#### Work to be completed:
Repeat the data that follows, word for word, without the images.

#### Data excerpts:
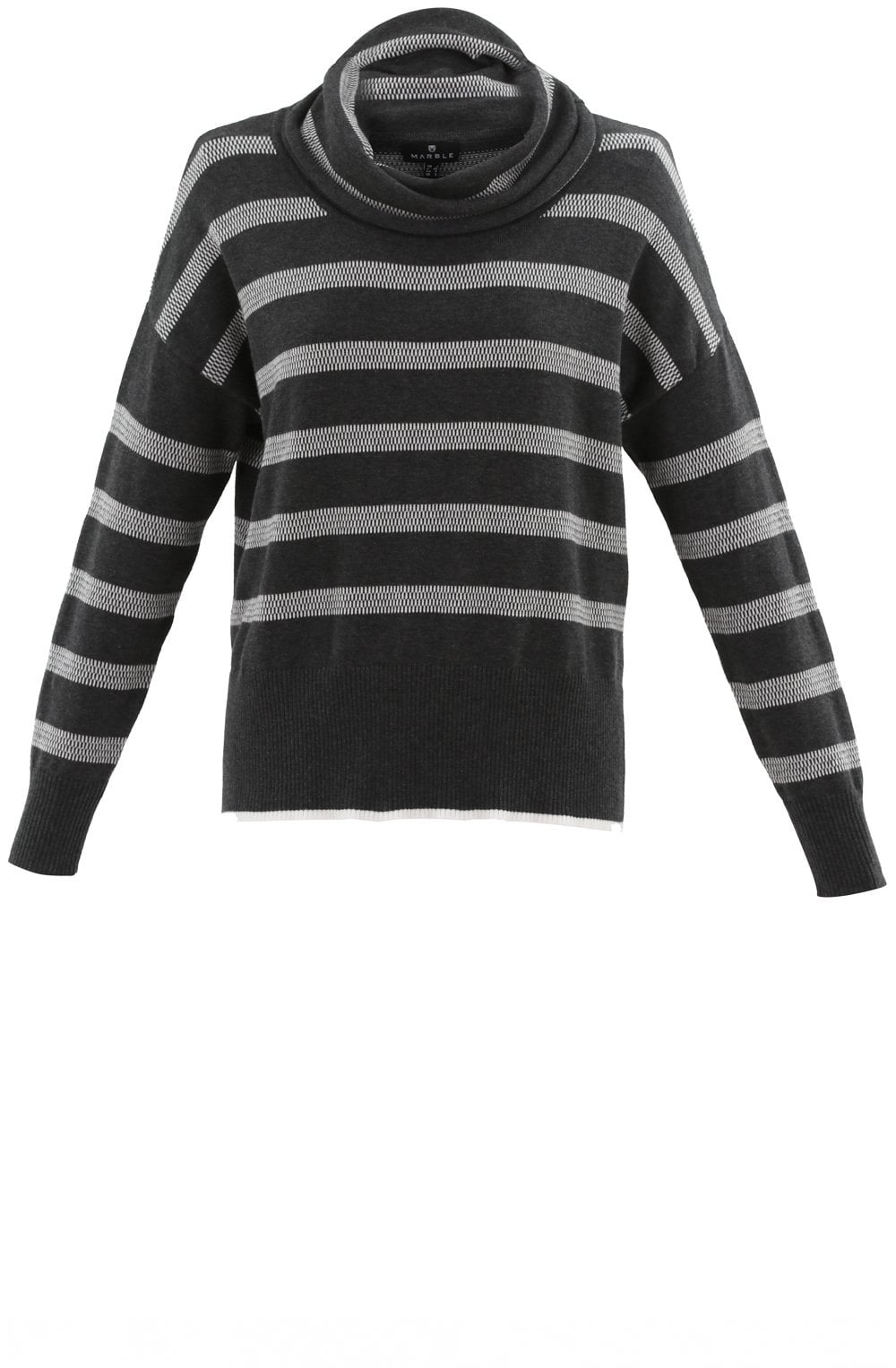 Grey Distorted Stripe Cowl Neck Jumper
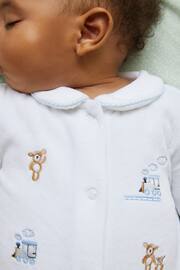 White Velour Embroidery Sleepsuit 1 Pack (0mths-3yrs) - Image 2 of 6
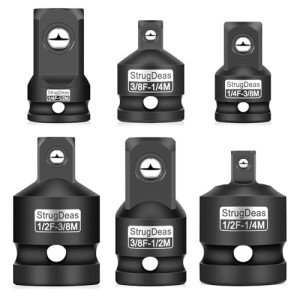 StrugDeas 6 Piece impact Socket Adapter and Reducer Set, 1/4", 3/8", 1/2" Chrome Vanadium Steel impact Ratchet/Socket Extension/Conversion Kit for automotive maintenance and construction engineering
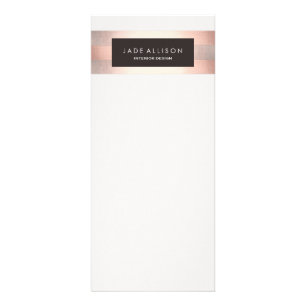 Stylish Modern Copper Striped Brown Plaque Rack Card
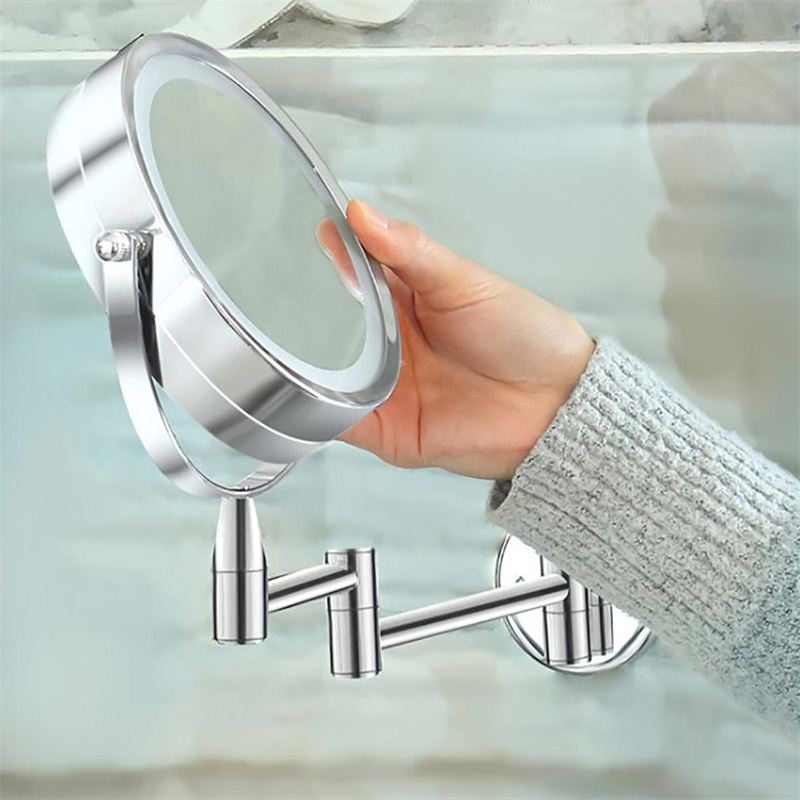 Double-side 1X /3X Magnifying Led Light Makeup Mirror Wall Mounted Folding Bathroom Mirror Flexible Round Cosmetics Mirror
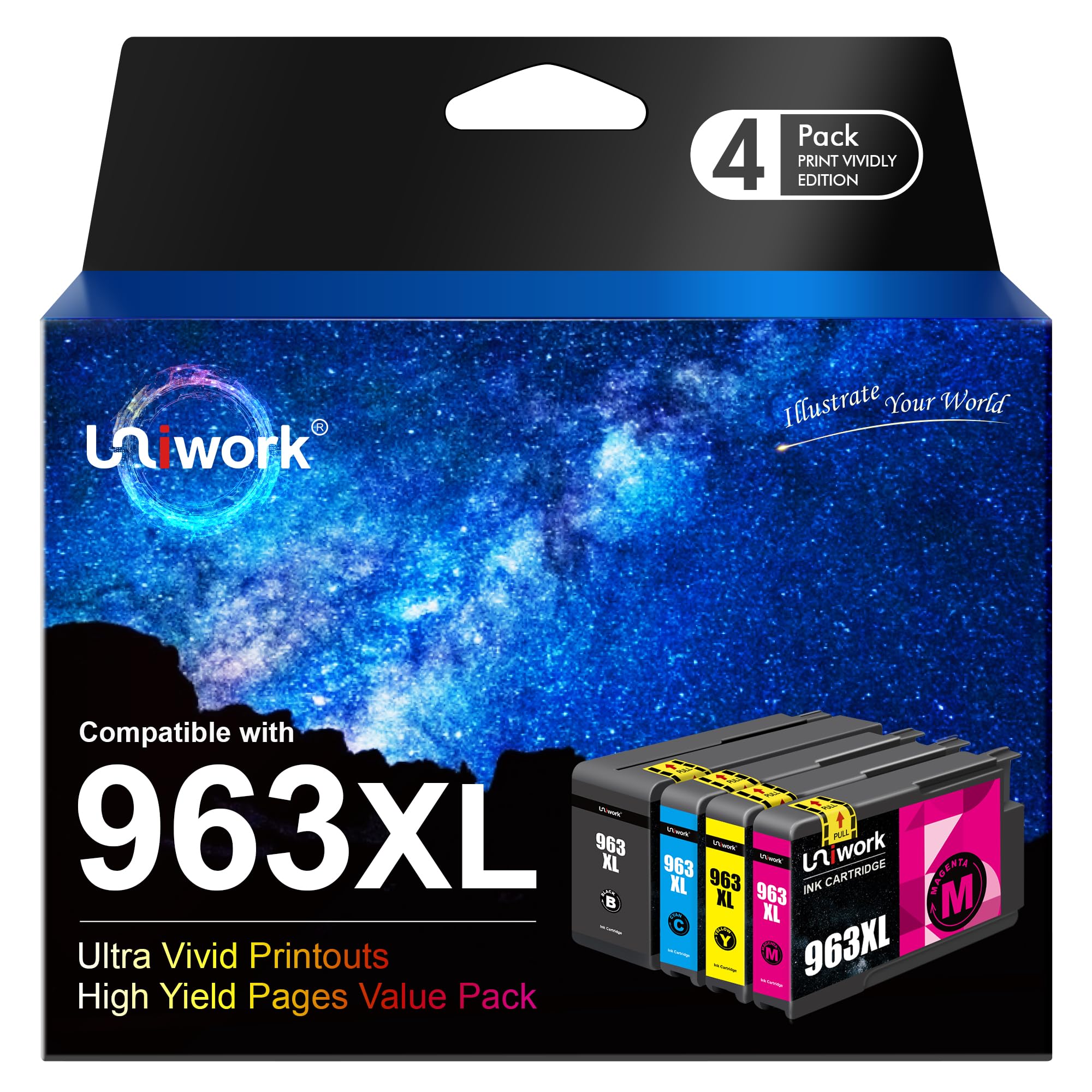 Uniwork Cartucce XL Rigenerate per HP 963 (4 Pezzi)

#### Exercise output:
 Grey Distorted Stripe Cowl Neck Jumper
 White Velour Embroidery Sleepsuit 1 Pack (0mths-3yrs) - Image 2 of 6
 StrugDeas 6 Piece impact Socket Adapter and Reducer Set, 1/4", 3/8", 1/2" Chrome Vanadium Steel impact Ratchet/Socket Extension/Conversion Kit for automotive maintenance and construction engineering
 Stylish Modern Copper Striped Brown Plaque Rack Card
 Double-side 1X /3X Magnifying Led Light Makeup Mirror Wall Mounted Folding Bathroom Mirror Flexible Round Cosmetics Mirror
 Uniwork Cartucce XL Rigenerate per HP 963 (4 Pezzi)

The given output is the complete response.